A video game based on the film Cliffhanger was released via numerous game consoles on November 17, 1993.

== Cancelled sequel ==
In 1994, TriStar announced plans to develop a sequel titled Cliffhanger 2: The Dam, with Stallone reprising his starring role. The plot revolved around Gabe Walker combating terrorists who took control of the Hoover Dam. The project remained in development hell until 2008, when the project was revived with Stallone's involvement, before once again being shelved. By May 2009, it was announced that a reimagining was in development. Produced by Neal H. Moritz the project would be a joint-production between Original Film and StudioCanal. The story would focus around a group of young climbers, and was tentatively scheduled to begin principal photography the following year. Moritz stated that his intent is to adapt the story in a similar manner comparable to J.J. Abrams' work on Star Trek. By May 2014, Joe Gazzam was hired as screenwriter after pitching his approach to the story to Moritz who was impressed. By May 2015, Stallone expressed interest in developing a direct sequel to the original film. In May 2019, the project developed into a female-led adaptation. Ana Lily Amirpour was hired as director, with a new draft of the script written by Sascha Penn. Jason Momoa was in early negotiations to feature in a prominent cameo role; while Mortiz brought on Toby Jaffe, Thorsten Schumacher and Lars Sylvest as additional producers. The story was described as a survival thriller action movie, with elements of espionage. An official production poster was released for the project's presence at the 2019 Cannes Film Festival, with a tentative commencement for principal photography was set for 2020. Moritz stated that there are plans for more than one installment to be made.

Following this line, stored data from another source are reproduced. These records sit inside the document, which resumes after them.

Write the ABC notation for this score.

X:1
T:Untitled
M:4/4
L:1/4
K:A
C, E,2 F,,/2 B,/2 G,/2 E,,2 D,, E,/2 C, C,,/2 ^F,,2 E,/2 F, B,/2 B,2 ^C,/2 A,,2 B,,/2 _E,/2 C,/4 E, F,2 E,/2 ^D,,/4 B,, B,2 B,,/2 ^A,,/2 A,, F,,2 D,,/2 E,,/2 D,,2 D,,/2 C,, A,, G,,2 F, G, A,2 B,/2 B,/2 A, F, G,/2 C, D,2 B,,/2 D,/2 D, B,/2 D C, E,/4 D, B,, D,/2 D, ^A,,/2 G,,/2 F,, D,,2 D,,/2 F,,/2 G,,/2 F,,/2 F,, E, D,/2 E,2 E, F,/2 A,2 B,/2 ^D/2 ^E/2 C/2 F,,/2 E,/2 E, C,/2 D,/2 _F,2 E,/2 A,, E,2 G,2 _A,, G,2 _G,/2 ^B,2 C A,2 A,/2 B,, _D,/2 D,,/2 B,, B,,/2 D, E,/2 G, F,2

In May 2023, it was officially announced that the project will be redeveloped as a legacy sequel. Ric Roman Waugh will serve as director (replacing Amirpour), from a new script written by Mark Bianculli. Stallone will reprise his role from the original, in addition to taking on a role as producer. The plot will detail the continued adventures of climber-turned-rescue ranger Gabriel "Gabe" Walker alongside a supporting cast, and include the Italian Alps. Casting underway for additional ensemble lead and supporting roles. Waugh expressed excitement for the challenge of working with Stallone, stating: "Growing up with the biggest action films of the '80s and '90s, ...Cliffhanger was by far one of my favorite spectacles. To be at the helm of the next chapter, ...with the legend himself...is a dream come true. It's going to be a great challenge and blast taking this franchise to new heights, a responsibility I don't take lightly." Moritz, Jaffe, Schumacher, Sylvest and Braden Aftergood will serve as additional producers. The project will be a joint-venture production between Original Film, Balboa Productions, StudioCanal, Rocket Science Films, Wright Productions & Entertainment and Front Row Entertainment. The movie had a presence at the 2023 Cannes Film Festival, where additional funding and distribution would be decided. In December of the same year, it was announced that Jean-François Richet had replaced Waugh as director; while additional film studios joined the project including FilmFernsehFonds Bayern, Black Magic Films, Supernix, Maze Pictures and Occupant Entertainment. Philipp Kreuzer and Joe Neurauter will serve as additional producers, while principal photography was scheduled to commence in the summer of 2024.

== Reboot ==

In October 2024, it was reported that a creative overhaul turned the proposed Cliffhanger sequel into a reboot, with Stallone no longer involved with the project. Lily James was cast in the lead role, alongside Pierce Brosnan, Nell Tiger Free, Franz Rogowski, Shubham Saraf, Assaad Bouab, Suzy Bemba and Bruno Gouery. Principal photography began on October 31 in Austria. The film was scheduled to be released on August 28, 2026, but was pushed back to February 24, 2027.